Para detectar la enfermedad, es necesario prestar atención a los síntomas descritos, realizar una radiografía de tórax y, en ocasiones, hacer un cultivo de la expectoración. «En general, solemos curar a los pacientes en unas pocas semanas. No obstante, el tratamiento debe prolongarse unos seis meses para evitar recaídas», señala el doctor Pérez. Por suerte, la tasa de curación supera el 95%.

Asimismo, el equipo lleva a cabo un seguimiento exhaustivo de todos los contactos de los afectados y les aplica una terapia preventiva. «Curiosamente, entre un 25 y un 30% de los pacientes se pueden curar solos porque la bacteria no es tan agresiva, pero el problema es que estas personas tienen más probabilidades de recaer», advierte el doctor José Antonio Caminero.

Unidad reconocida

Hay que recordar que la unidad de Tuberculosis y Microbacterias del Hospital Doctor Negrín se convirtió en 2016 en la primera del país en ser acreditada por la Sociedad Española de Neumología y Cirugía Torácica (Separ) con el nivel de Alta Complejidad, el mayor que existe, una categoría que fue renovada en 2024. Este reconocimiento les permite actuar como referentes para el resto de unidades acreditadas por esta sociedad científica.

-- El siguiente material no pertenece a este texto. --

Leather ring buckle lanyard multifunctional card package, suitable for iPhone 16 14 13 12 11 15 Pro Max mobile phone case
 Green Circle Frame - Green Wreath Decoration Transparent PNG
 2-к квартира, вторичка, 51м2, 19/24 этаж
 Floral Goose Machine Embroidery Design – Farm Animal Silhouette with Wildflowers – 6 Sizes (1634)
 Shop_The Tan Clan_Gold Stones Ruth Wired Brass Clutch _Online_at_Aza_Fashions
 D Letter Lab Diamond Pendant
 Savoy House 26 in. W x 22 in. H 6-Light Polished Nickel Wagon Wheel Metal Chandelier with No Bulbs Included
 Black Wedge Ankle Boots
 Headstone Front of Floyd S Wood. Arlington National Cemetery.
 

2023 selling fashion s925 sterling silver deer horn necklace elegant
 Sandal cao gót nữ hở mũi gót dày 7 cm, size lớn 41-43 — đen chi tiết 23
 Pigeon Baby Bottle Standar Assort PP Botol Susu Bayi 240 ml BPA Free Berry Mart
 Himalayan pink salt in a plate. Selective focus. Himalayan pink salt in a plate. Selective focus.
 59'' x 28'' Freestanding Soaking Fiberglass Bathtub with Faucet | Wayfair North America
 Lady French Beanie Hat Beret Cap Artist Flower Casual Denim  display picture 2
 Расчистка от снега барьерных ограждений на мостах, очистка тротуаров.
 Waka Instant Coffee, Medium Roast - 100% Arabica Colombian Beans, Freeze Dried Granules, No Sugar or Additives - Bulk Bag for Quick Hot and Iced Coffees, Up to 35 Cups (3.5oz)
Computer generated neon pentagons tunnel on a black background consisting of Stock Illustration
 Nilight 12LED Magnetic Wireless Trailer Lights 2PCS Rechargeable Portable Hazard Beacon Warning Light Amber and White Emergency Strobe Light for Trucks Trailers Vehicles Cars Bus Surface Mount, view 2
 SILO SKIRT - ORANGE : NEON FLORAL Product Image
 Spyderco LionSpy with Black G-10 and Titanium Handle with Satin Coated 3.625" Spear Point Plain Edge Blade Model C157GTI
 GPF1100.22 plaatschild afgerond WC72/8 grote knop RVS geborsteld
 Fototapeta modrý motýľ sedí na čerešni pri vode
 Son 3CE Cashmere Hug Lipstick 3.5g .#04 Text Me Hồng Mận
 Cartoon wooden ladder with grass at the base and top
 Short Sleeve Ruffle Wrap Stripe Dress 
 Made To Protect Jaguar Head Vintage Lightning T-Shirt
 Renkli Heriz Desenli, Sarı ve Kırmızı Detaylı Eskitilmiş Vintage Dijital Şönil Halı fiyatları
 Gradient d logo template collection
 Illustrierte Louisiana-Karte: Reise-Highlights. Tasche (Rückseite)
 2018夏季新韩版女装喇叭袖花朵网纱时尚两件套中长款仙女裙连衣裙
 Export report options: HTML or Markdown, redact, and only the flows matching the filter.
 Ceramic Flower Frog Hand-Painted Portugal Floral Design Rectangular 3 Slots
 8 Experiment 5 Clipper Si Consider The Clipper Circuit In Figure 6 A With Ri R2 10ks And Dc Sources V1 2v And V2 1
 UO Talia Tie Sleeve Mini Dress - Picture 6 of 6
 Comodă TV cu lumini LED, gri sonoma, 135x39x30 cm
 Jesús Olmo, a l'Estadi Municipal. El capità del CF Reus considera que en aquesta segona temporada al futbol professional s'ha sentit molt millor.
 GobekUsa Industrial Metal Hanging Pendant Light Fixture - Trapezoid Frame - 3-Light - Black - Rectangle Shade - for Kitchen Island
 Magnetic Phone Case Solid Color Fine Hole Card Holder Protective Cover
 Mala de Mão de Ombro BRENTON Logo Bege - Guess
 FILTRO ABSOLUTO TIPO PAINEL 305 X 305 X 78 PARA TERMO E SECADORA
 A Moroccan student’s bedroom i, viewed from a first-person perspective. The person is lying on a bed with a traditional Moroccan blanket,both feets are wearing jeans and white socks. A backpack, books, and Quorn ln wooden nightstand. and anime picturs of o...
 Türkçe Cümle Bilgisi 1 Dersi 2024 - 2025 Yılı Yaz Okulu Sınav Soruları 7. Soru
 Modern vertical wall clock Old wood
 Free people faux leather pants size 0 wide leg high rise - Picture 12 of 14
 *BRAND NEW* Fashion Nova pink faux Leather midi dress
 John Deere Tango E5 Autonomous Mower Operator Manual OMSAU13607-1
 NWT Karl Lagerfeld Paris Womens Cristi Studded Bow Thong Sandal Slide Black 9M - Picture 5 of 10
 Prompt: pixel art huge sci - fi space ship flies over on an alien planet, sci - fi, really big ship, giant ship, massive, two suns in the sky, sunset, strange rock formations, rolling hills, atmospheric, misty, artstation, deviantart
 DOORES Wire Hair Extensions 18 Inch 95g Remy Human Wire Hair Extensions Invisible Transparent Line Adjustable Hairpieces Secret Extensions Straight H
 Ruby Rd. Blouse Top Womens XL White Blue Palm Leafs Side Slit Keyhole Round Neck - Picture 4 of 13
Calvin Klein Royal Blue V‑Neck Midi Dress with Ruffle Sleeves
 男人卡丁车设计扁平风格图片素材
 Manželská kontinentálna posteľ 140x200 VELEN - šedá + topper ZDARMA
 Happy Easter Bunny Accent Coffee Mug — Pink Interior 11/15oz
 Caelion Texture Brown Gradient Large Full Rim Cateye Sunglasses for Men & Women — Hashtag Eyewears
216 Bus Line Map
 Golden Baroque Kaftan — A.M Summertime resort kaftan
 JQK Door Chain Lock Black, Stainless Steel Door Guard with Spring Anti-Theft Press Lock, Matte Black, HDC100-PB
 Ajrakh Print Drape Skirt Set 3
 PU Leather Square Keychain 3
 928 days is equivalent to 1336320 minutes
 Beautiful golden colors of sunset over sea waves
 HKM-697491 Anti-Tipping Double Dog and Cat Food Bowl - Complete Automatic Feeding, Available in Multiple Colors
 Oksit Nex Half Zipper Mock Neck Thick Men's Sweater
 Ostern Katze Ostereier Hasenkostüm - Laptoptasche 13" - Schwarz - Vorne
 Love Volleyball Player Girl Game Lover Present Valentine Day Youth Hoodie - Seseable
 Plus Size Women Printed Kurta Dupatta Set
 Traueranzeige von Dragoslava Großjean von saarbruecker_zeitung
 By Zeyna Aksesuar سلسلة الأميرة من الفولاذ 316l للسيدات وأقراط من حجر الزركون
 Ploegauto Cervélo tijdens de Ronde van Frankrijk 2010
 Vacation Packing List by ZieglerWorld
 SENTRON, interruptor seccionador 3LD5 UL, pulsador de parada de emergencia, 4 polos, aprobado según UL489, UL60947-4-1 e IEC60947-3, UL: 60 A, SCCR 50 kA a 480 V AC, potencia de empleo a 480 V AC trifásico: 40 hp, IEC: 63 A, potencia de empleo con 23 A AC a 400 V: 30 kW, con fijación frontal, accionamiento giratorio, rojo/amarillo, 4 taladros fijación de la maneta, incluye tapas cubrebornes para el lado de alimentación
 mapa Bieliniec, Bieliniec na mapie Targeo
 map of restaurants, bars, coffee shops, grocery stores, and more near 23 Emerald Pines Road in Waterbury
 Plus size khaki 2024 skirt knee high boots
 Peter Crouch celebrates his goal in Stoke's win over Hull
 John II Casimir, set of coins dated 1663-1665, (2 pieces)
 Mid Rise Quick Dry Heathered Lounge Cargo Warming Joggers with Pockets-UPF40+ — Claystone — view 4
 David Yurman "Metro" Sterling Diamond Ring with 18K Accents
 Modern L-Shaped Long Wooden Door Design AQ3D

En este espacio asistencial reciben atención cada año unas 60 personas con infecciones causadas por otras microbacterias, muchas de ellas de muy difícil manejo. «Somos la unidad de España que recibe más casos de microbacterias no tuberculosas», destaca el jefe del servicio de Neumología. Sin embargo, estas microbacterias no son transmisibles y solo las sufren los aquejados.

La Organización Mundial de la Salud (OMS) se ha marcado como objetivo erradicar la tuberculosis para 2050, aunque los especialistas consideran que se trata de una meta difícil de alcanzar, pues esta estrategia se fijó en 2015 y aún no se ha cumplido ninguno de los hitos previstos en la hoja de ruta. A su juicio, la eliminación de la enfermedad pasa por factores que van más allá del ámbito sanitario: «Solo sería posible erradicarla con una buena distribución de la riqueza y con el desarrollo de una vacuna que alcance, al menos, un 90% de eficacia», concluyen.